__TASK__: Where the string "Denim" shows up in a line of the records, copy that line.

__SOURCE INFORMATION__:
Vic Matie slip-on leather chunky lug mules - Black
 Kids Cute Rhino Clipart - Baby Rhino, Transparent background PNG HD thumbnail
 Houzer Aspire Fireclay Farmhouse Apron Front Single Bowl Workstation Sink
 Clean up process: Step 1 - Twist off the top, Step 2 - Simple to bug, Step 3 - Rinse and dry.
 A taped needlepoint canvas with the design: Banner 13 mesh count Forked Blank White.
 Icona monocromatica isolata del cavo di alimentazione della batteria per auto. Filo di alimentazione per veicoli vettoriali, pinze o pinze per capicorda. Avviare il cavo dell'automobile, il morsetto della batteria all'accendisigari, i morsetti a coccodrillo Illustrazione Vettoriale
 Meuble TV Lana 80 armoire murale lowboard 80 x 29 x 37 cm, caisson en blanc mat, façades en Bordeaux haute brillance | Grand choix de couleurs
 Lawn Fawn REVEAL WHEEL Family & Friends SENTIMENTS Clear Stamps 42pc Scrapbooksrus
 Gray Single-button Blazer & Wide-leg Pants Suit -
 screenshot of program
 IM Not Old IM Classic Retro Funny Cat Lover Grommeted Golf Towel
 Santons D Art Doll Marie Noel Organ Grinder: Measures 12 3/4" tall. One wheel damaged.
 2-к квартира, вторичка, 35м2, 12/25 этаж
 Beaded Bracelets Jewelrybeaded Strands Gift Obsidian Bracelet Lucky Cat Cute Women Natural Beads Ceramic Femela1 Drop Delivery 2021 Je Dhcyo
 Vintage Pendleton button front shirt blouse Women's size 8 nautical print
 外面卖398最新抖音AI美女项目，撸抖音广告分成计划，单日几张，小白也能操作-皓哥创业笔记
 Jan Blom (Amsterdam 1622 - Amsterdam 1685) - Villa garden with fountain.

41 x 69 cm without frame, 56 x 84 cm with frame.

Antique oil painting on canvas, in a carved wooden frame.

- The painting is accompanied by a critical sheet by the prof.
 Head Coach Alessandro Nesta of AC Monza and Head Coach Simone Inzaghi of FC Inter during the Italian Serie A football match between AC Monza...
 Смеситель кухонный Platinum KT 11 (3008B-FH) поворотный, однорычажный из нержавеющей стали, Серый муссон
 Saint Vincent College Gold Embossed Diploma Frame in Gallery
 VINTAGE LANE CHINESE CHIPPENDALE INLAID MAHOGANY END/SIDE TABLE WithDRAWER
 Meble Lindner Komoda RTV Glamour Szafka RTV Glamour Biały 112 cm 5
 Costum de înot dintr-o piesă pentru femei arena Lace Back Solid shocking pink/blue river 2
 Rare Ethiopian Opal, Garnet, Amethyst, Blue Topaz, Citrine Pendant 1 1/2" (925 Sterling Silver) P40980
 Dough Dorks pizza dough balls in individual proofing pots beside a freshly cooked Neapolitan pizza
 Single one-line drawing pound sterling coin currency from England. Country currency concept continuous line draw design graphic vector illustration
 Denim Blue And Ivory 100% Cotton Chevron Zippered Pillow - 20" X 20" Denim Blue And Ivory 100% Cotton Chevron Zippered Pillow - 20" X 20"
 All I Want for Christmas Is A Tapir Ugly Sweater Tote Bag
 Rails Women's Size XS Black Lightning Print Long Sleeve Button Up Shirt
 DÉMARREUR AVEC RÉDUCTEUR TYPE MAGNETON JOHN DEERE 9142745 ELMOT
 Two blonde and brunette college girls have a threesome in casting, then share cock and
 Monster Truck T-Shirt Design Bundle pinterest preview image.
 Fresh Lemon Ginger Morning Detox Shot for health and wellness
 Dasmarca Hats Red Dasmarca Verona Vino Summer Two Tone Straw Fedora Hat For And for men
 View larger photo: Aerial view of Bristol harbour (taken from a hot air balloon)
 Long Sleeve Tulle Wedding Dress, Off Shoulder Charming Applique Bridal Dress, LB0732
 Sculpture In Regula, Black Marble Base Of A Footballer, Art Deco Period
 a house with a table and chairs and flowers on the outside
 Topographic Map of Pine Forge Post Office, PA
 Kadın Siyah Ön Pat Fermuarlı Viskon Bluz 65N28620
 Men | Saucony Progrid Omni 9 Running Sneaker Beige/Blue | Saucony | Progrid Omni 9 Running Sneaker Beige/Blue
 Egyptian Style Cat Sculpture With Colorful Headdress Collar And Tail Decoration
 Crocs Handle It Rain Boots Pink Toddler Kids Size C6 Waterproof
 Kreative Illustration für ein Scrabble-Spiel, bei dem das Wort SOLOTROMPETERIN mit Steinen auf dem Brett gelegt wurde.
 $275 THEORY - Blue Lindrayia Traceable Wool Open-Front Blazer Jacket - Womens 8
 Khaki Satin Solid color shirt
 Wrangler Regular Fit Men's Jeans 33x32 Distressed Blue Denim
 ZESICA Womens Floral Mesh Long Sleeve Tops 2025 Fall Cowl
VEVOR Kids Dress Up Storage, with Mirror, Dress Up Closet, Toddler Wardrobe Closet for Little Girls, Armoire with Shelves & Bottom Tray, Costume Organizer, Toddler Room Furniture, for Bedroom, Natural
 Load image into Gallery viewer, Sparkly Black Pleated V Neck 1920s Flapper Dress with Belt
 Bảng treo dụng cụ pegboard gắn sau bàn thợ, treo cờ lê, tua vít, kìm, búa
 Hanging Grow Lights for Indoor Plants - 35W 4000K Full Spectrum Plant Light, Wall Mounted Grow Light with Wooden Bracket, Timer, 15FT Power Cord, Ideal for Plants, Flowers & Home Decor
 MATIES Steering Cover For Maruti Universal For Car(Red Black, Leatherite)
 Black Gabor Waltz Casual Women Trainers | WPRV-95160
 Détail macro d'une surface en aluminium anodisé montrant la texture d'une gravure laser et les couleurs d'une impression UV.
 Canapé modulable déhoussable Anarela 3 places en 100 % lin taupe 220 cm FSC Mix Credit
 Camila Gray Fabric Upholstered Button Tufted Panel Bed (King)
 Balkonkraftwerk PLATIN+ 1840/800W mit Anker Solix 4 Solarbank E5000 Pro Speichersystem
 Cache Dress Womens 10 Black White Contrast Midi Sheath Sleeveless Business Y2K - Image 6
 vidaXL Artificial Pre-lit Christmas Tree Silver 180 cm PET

__EXERCISE RESULT__:
 Denim Blue And Ivory 100% Cotton Chevron Zippered Pillow - 20" X 20" Denim Blue And Ivory 100% Cotton Chevron Zippered Pillow - 20" X 20"
 Wrangler Regular Fit Men's Jeans 33x32 Distressed Blue Denim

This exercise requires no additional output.